You probably won’t want to use Internet Explorer as your browser all the time, but you can launch it whenever you need to use a website that requires a plugin. To install these plugins, just launch IE and visit the appropriate website—Oracle’s Java site or Microsoft’s Silverlight site, for example.

If Java doesn’t run properly, make sure the browser plugin is enabled in its control panel. You’ll find the Java control panel at Control Panel > Programs > Java. On the “Security” tab, ensure “Enable Java content in the browser” is enabled. You may need to restart your browser after changing this setting.

If you have to access an old web page that doesn’t work with Internet Explorer 11 and requires an older version of Internet Explorer, you can use Internet Explorer 11’s Enterprise Mode. This requires the Professional version of Windows 10, though, and isn’t available on the Home version.

Install Mozilla Firefox ESR on Windows, macOS, or Linux

Mozilla ended support for traditional NPAPI browser plugins, aside from Flash, with Firefox 52 on March 7, 2017.

However, Mozilla offers an “Extended Support Release”, or ESR, branch of the Firefox browser. This browser is intended for organizations to have a stable, long-term platform that only receives security updates, not the frequent feature updates and changes that the main version of Firefox receives.

Firefox 52 ESR was released on March 7, 2017 and includes support for non-Flash browser plugins. Mozilla will continue supporting Firefox 52 ESR with security updates until sometime in the second quarter of 2018. At that point, the next ESR version of Firefox will drop support for NPAPI plugins.

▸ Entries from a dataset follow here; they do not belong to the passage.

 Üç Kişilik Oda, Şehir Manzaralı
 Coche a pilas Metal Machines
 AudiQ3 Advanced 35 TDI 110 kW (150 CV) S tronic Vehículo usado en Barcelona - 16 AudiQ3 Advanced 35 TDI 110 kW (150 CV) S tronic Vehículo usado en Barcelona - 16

Visit the Download Firefox Extended Support Release page to download the ESR version of Firefox. If you’re not sure which version to download, choose the 32-bit version of Firefox for maximum compatibility with older plugins. Older plugins may not have 64-bit versions available.


You can verify you’re using the ESR version of Firefox by clicking menu > Help > About Firefox. You’ll see “Firefox ESR” here if you’re on the ESR update channel.